----- Dataset records -----

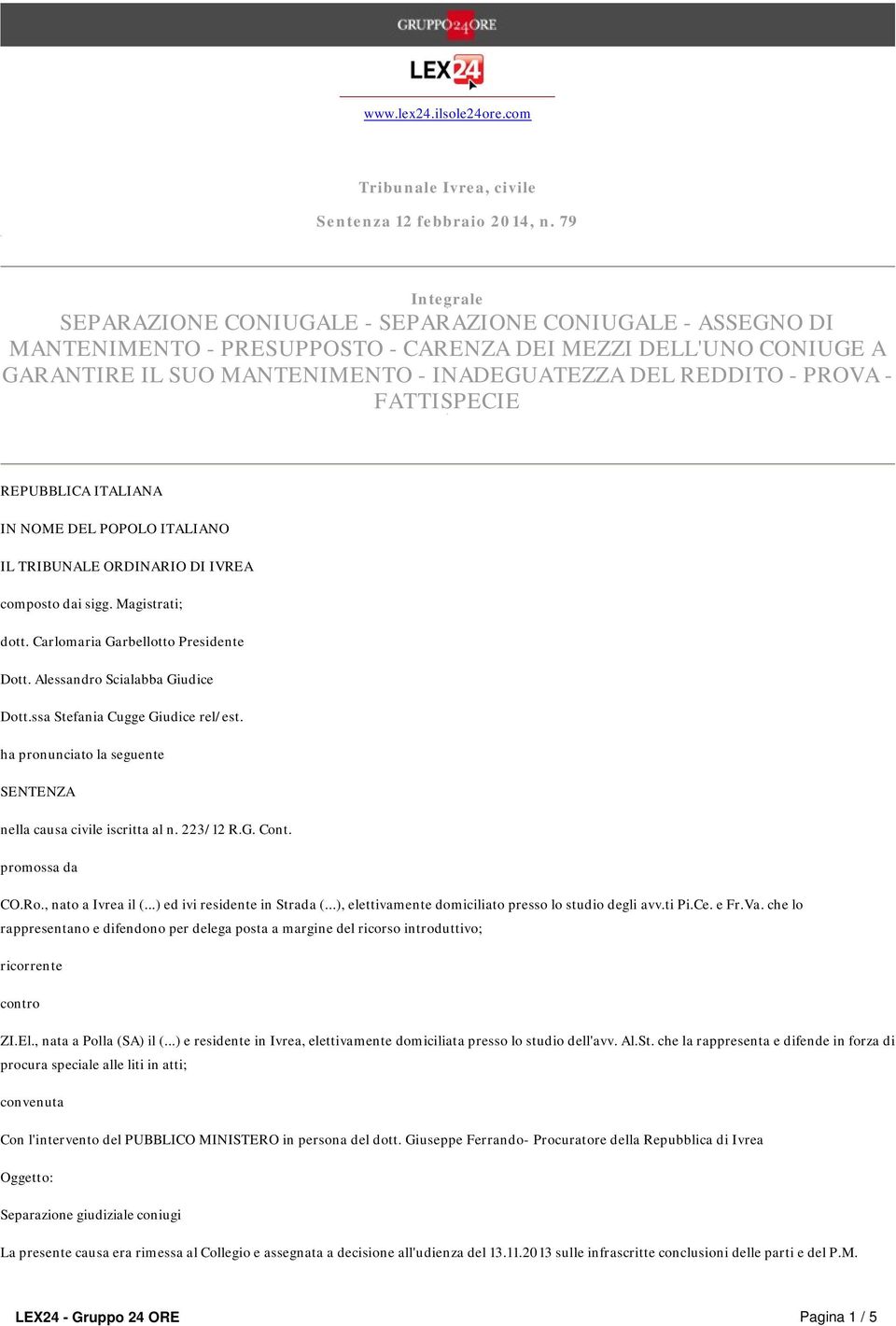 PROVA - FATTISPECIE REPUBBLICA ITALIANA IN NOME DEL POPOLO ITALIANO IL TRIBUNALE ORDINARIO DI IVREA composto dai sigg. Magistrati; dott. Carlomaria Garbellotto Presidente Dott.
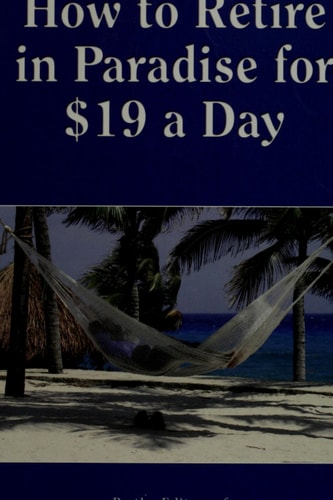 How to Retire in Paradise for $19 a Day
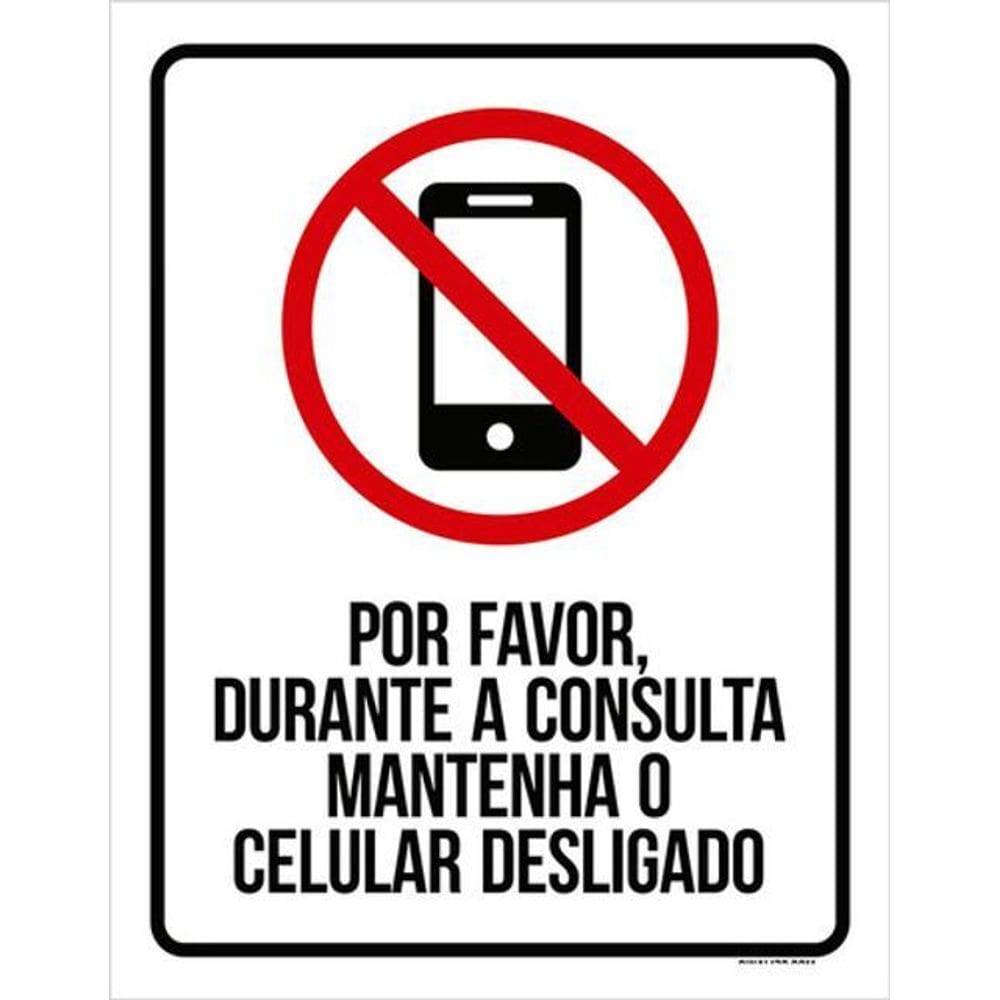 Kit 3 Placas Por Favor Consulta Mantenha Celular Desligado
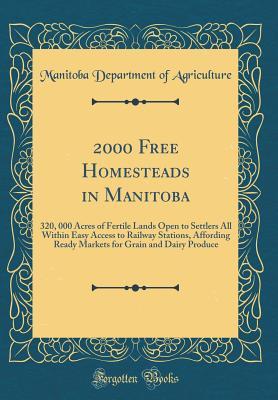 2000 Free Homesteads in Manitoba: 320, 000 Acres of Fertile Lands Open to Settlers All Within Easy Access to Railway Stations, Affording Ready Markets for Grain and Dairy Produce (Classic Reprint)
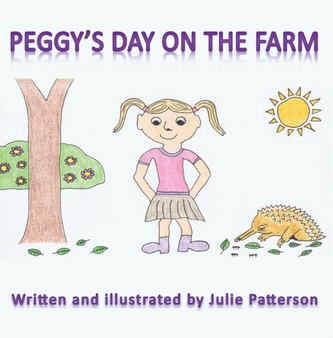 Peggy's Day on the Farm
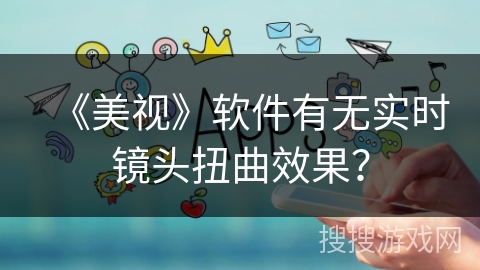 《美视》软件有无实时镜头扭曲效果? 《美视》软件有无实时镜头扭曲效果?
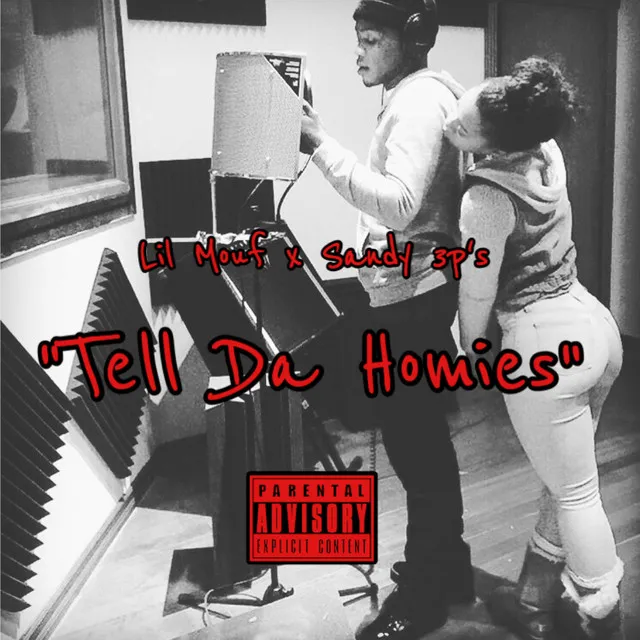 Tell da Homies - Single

-----

> _Task goal_
Once the line containing "Kit 3 Placas" is found, write it out exactly along with every line after it through the end of the listing, excluding pictures.

> _Response below_
 Kit 3 Placas Por Favor Consulta Mantenha Celular Desligado
 2000 Free Homesteads in Manitoba: 320, 000 Acres of Fertile Lands Open to Settlers All Within Easy Access to Railway Stations, Affording Ready Markets for Grain and Dairy Produce (Classic Reprint)
 Peggy's Day on the Farm
 《美视》软件有无实时镜头扭曲效果? 《美视》软件有无实时镜头扭曲效果?
 Tell da Homies - Single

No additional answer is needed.